At the end of December in 1890, about two years after the beginning of the Ghost Dance Movement, the Wounded Knee Massacre took place at Wounded Knee Creek in South Dakota. While the holy man who had the vision leading to the movement believed in and preached nonviolence and peace, the government feared that the quickly spreading movement would lead to rebellion. The Dance appeared to the white people who witnessed it to whip the participants into a frenzy. They became uneasy, and that fear spread just as quickly as the movement did, if not more so. When the Ghost Dance Movement reached South Dakota, some of the people who lived there demanded that the Sioux stop taking part in the ritual, but the Lakota Sioux did not acquiesce; of course they didn’t, it would have been quite shocking if they had. But, upon being refused, the local men asked for the Army to back them up, and the government agreed.
The massacre involved a group of about 300 Sioux who had left their reservation because they feared conflict—they didn’t want to fight at all. But the Army looked at this group men, women, and children and saw their own hearts; they saw aggression and belligerence, where there was none. The band of Sioux that had left their reservation because they wanted to avoid conflict was transported by the Army to Wounded Knee Creek. Once there, the Army demanded that the Sioux give up all of their weapons. There are different accounts of what happened next, but universally it is accepted that a shot rang out—and then everything just fell apart. One trusted account says that an old Lakota native, who was deaf, had paid a lot of money for his gun and didn’t want to surrender it. The Sioux tried to explain that he couldn’t hear the orders, and when his gun discharged, a few young Lakota men fired their weapons. The Army returned fire indiscriminately after that. Open fire lasted for a long time while unarmed Sioux men, women, and children tried to get away. Some Army officers tried to get everything back under control, but many soldiers killed in cold blood, using their horses to chase down women and children who were fleeing or trying to surrender. The numbers of those who tragically lost their lives on this day varies a great deal, from 150 to 300 or more, but the main thing to remember is the wrongness of the whole affair and to really understand that fear and ignorance are two of humanity’s worst vices. We should never let either rule our hearts.
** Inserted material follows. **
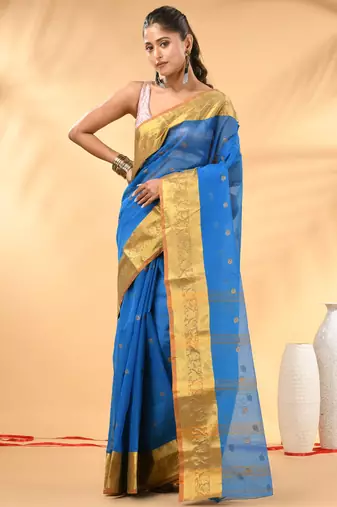 Sky blue tant pure cotton saree with zari border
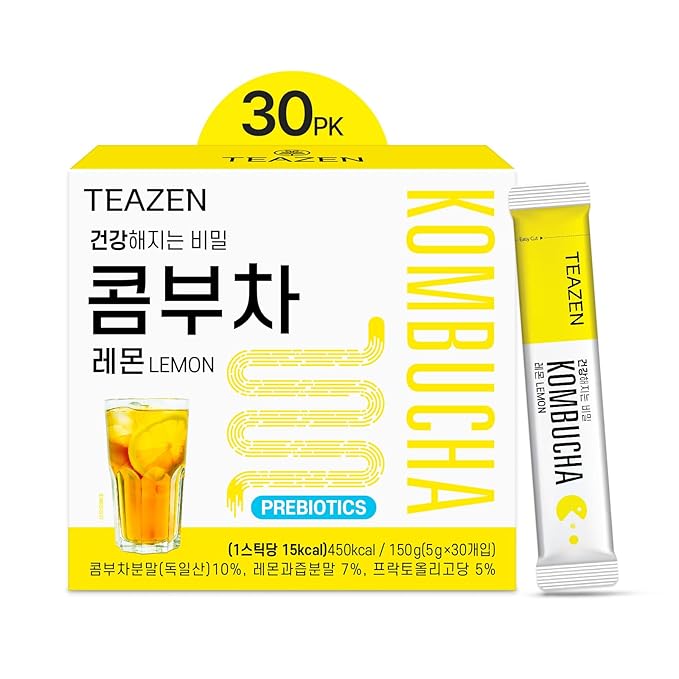 TEAZEN Lemon Kombucha Tea, Hydration Drink Mix, Sugar Free, Live Probiotics & Prebiotics, 30 Sticks, 5.29oz-StrideForce Fitness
I also think it’s important to understand that the men in the Army who were called to intercede with the Sioux in South Dakota, they were, in a large part, what was left of the 7th Cavalry. There’s a great deal of significance to this, because it means that many of them would have been in the Battle of Little Bighorn, what most know as Custer’s Last Stand, a famous battle between Army forces and the Sioux, where the Sioux ultimately devastated the Army’s forces.